• **What you have to do**:
Please repeat, exactly as written, every line from the one containing "Shade C30 (Deep" through the last line of the records, both included, and leave out any pictures.

• **Records shown**:
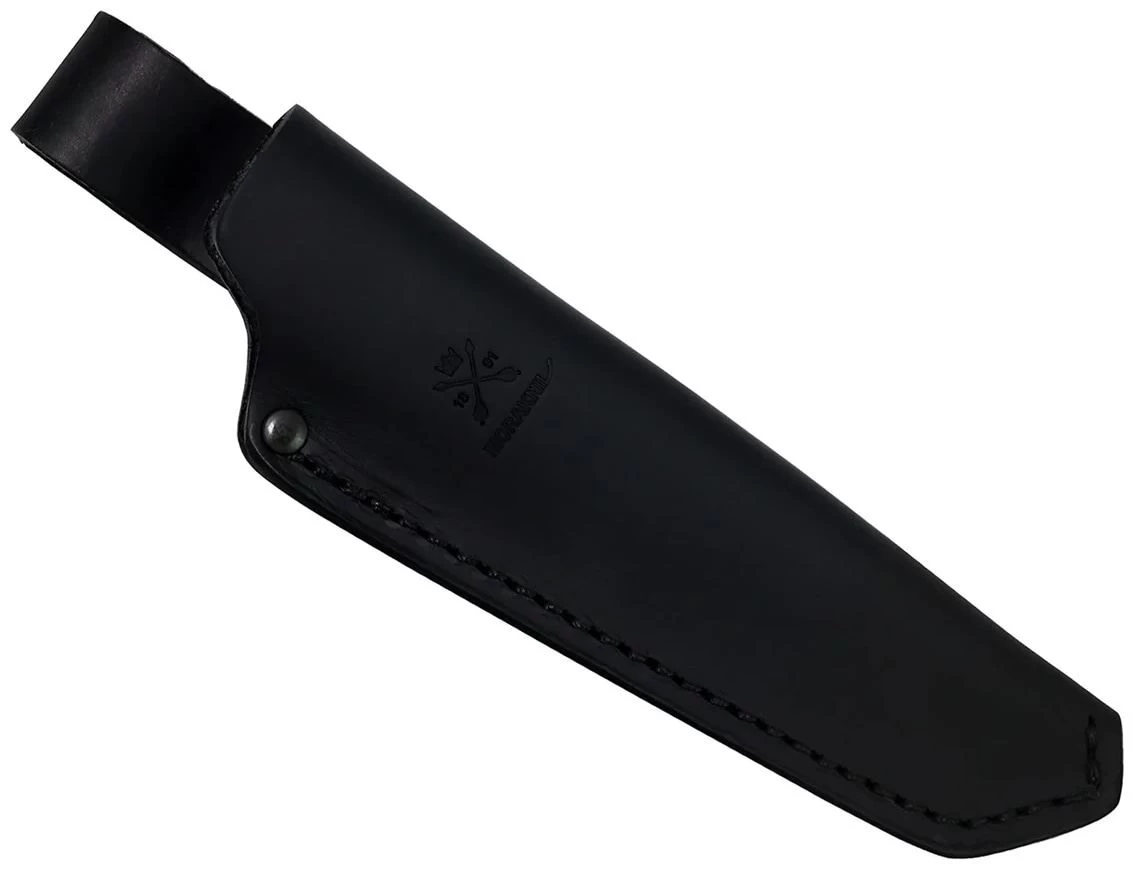 Morakniv Blanc Bushcraft Knife White 5 Morakniv Blanc Bushcraft Knife White – Image 3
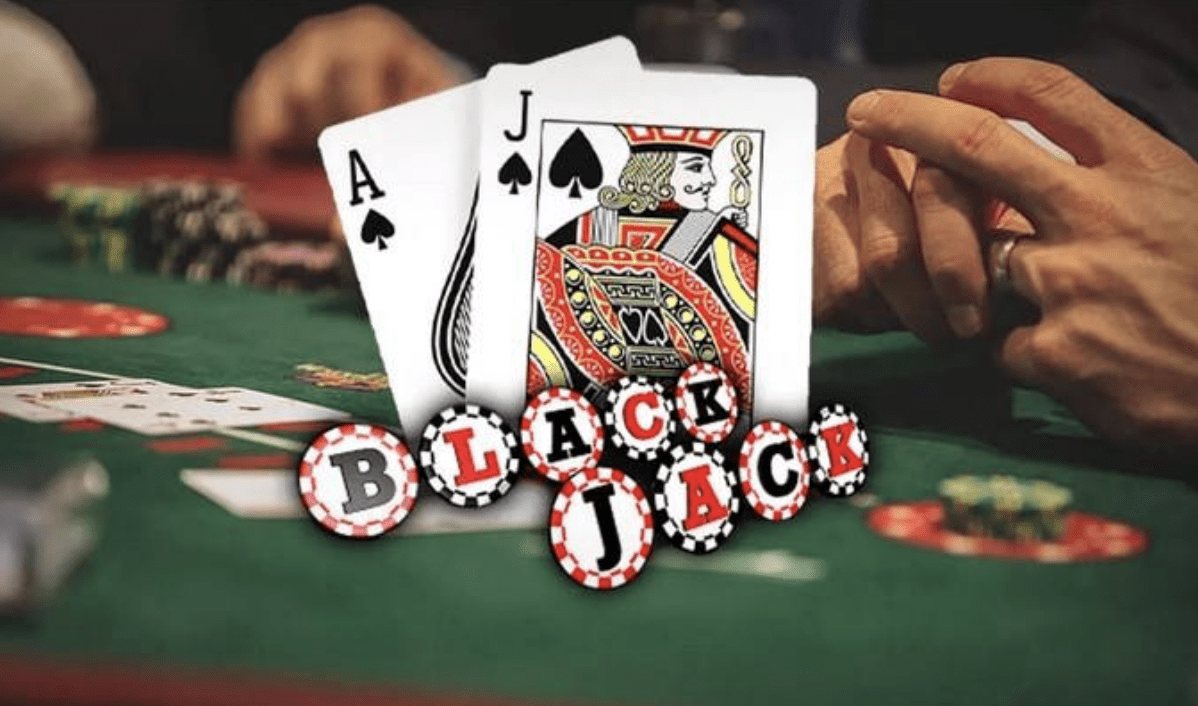 Presupuesto Eficiente Blackjack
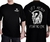 Camiseta Oversized FEAR NO EVIL
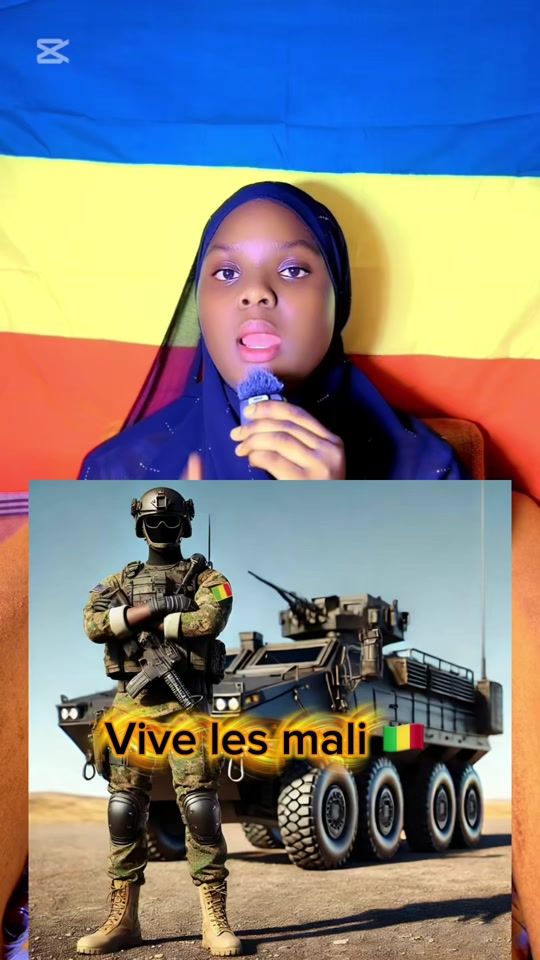 TikTok video thumbnail by oustazdoucoure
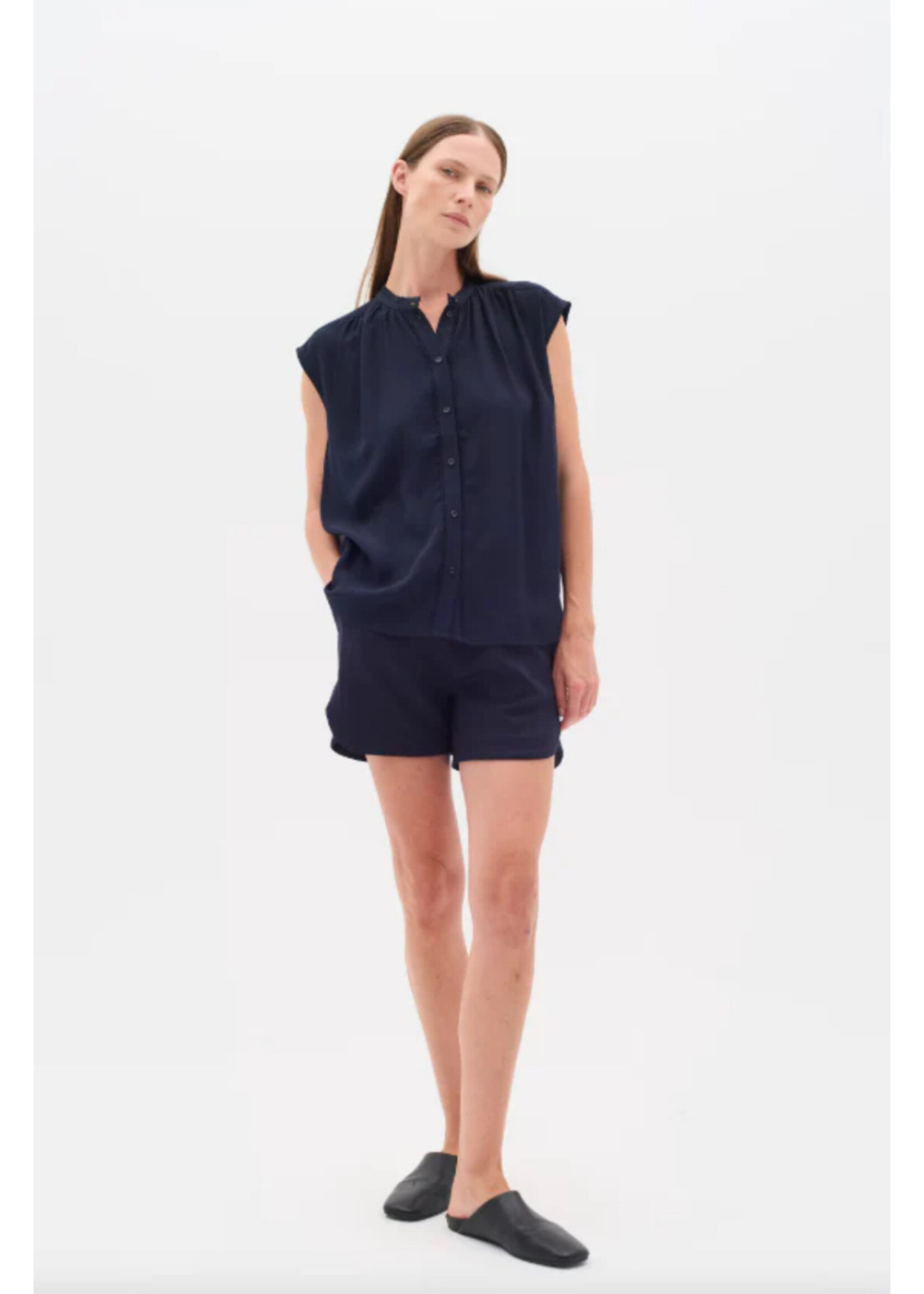 In Wear In Wear - Hennieh Vincent Shorts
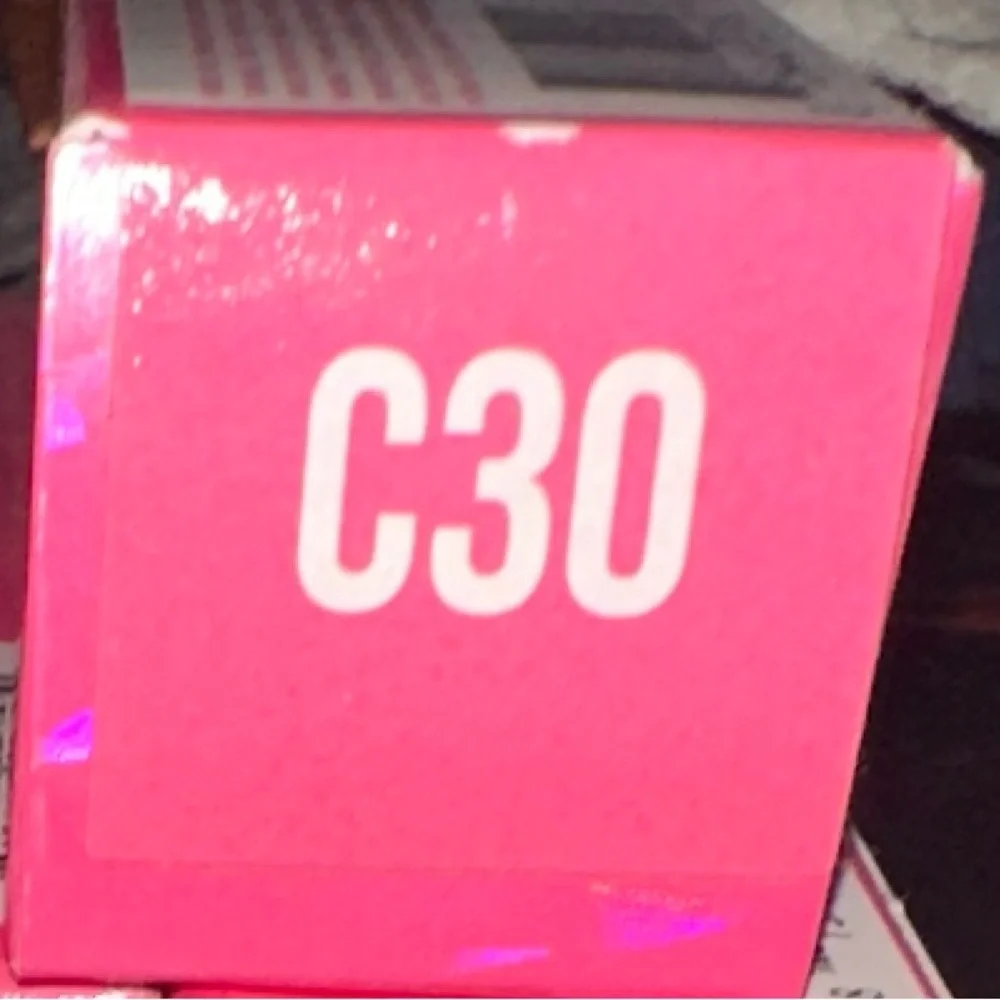 Shade C30 (Deep Neutral) - Jeffree Star Magic Star Concealer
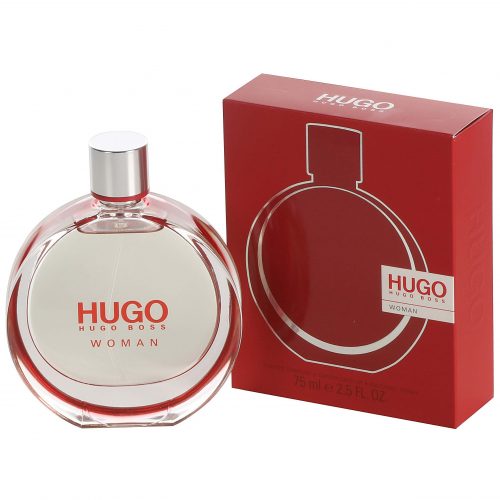 Boss Hugo Woman Eau de Parfum 100ml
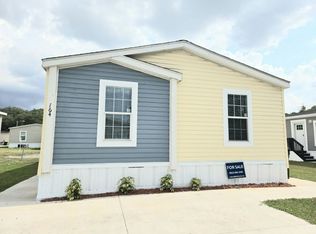 1400 Banana Rd #164, Lakeland, FL 33810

• **The completed task**:
 Shade C30 (Deep Neutral) - Jeffree Star Magic Star Concealer
 Boss Hugo Woman Eau de Parfum 100ml
 1400 Banana Rd #164, Lakeland, FL 33810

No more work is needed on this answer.